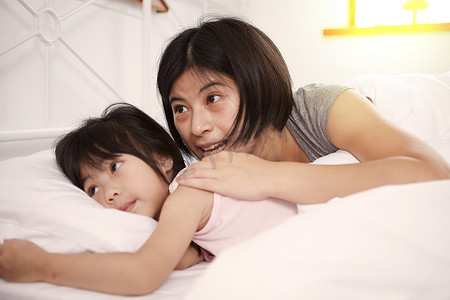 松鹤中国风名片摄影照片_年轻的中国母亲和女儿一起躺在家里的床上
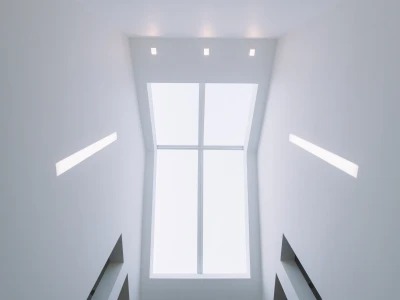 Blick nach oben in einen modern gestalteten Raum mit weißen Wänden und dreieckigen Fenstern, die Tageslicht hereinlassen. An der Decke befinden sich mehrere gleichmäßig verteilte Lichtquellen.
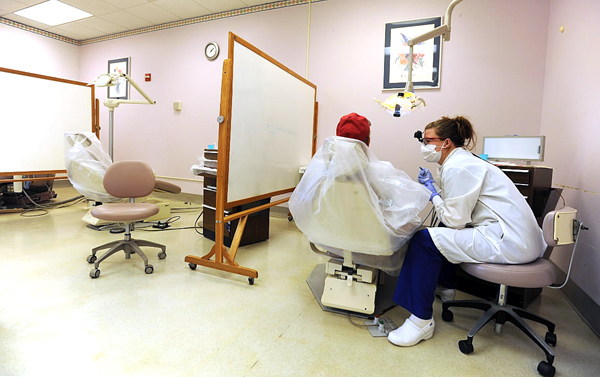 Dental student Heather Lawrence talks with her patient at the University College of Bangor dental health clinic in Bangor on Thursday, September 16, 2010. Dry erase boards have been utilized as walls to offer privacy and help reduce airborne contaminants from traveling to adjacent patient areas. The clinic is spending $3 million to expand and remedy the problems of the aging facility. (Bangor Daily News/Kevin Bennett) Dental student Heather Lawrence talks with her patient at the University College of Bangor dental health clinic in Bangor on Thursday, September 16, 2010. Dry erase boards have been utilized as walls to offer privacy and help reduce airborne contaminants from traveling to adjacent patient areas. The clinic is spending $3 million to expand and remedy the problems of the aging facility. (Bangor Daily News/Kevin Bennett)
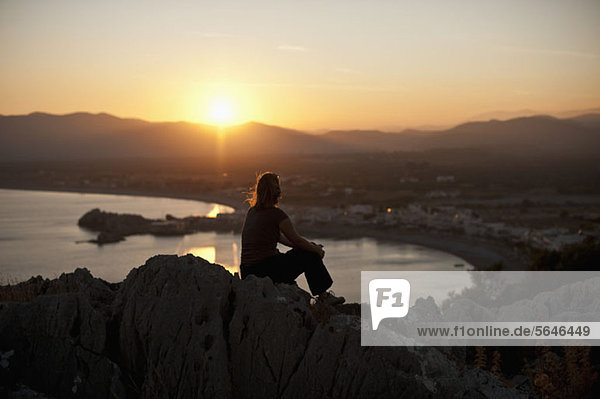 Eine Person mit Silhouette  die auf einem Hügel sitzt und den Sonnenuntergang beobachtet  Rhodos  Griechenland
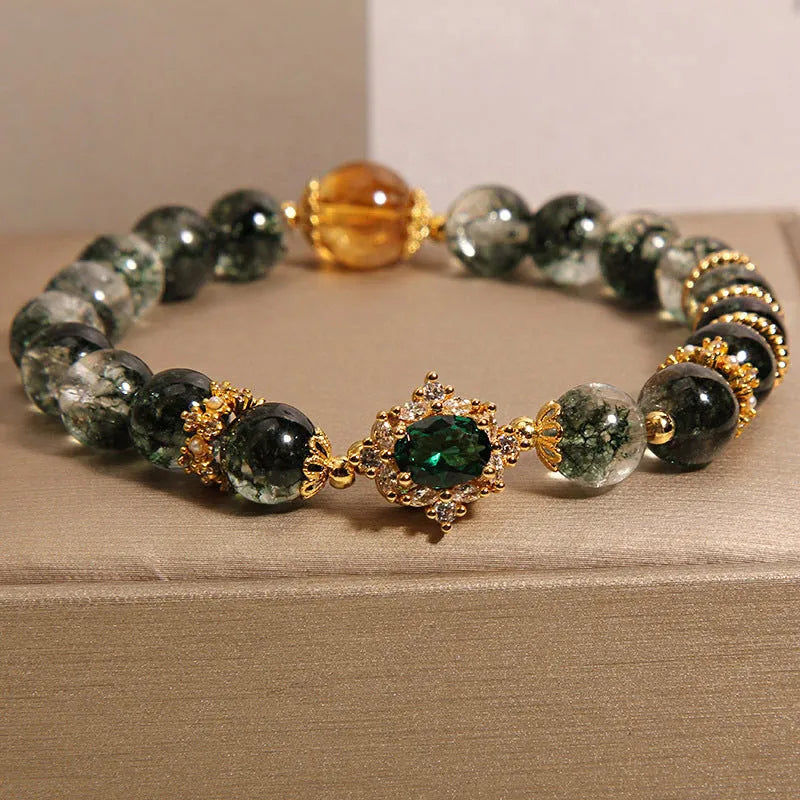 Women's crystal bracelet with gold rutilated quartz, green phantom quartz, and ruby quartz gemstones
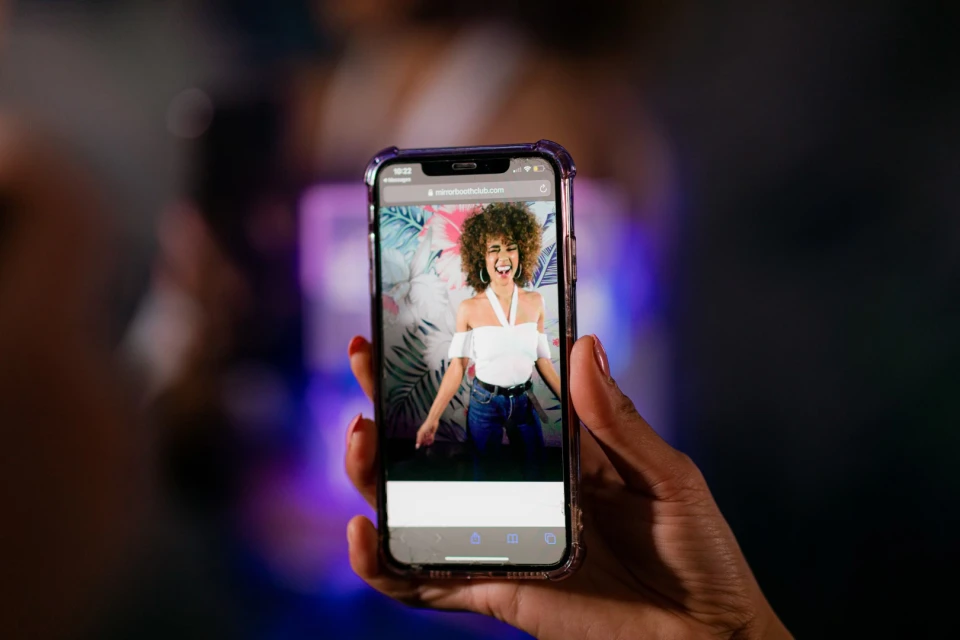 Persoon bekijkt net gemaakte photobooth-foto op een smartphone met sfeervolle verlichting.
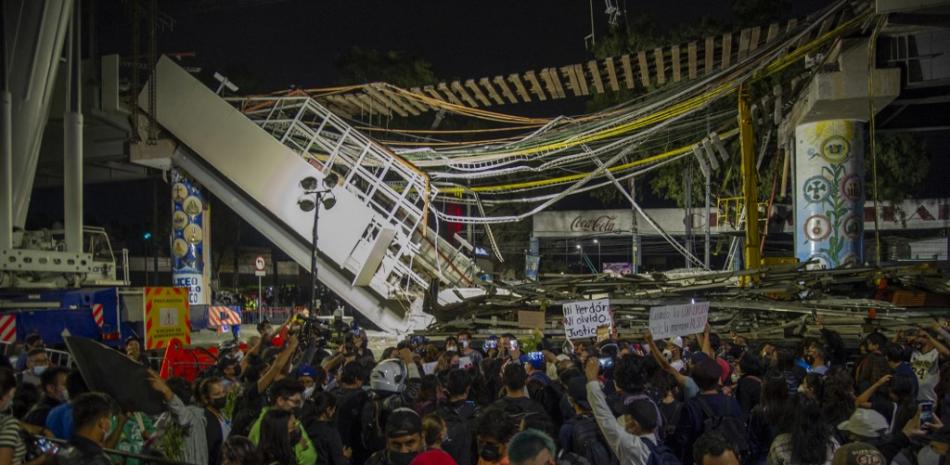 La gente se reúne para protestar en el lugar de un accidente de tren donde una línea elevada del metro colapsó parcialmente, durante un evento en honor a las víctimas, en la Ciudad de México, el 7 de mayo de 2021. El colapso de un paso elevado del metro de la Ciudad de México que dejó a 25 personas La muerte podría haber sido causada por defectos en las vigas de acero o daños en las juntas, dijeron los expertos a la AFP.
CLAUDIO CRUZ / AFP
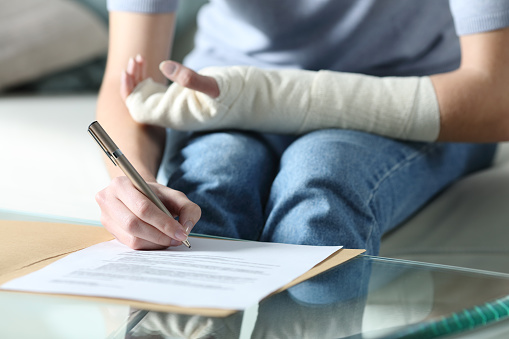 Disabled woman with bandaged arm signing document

---

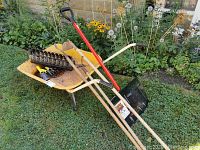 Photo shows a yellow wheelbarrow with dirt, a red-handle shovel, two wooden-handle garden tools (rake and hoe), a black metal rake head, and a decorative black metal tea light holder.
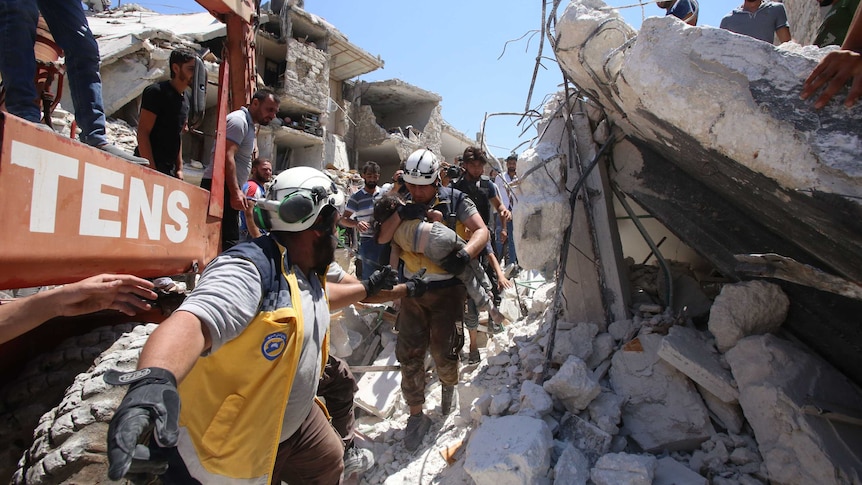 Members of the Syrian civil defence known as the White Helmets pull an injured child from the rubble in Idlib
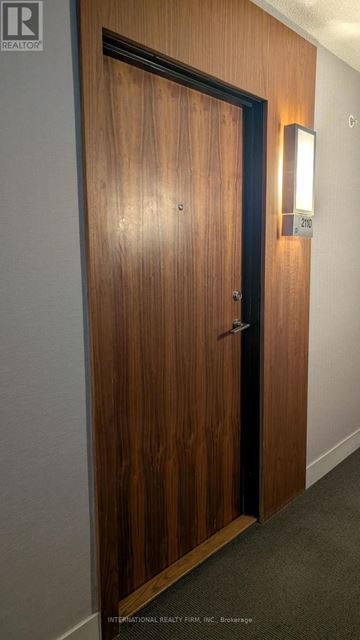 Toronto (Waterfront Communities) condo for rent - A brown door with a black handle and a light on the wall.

* **BRIEF**:
Starting at the line above that holds "Women's crystal bracelet", repeat every line exactly down to and including the line that holds "Disabled woman with", then stop. Do not carry over any pictures.

* **EXERCISE RESPONSE**:
 Women's crystal bracelet with gold rutilated quartz, green phantom quartz, and ruby quartz gemstones
 Persoon bekijkt net gemaakte photobooth-foto op een smartphone met sfeervolle verlichting.
 La gente se reúne para protestar en el lugar de un accidente de tren donde una línea elevada del metro colapsó parcialmente, durante un evento en honor a las víctimas, en la Ciudad de México, el 7 de mayo de 2021. El colapso de un paso elevado del metro de la Ciudad de México que dejó a 25 personas La muerte podría haber sido causada por defectos en las vigas de acero o daños en las juntas, dijeron los expertos a la AFP.
CLAUDIO CRUZ / AFP
 Disabled woman with bandaged arm signing document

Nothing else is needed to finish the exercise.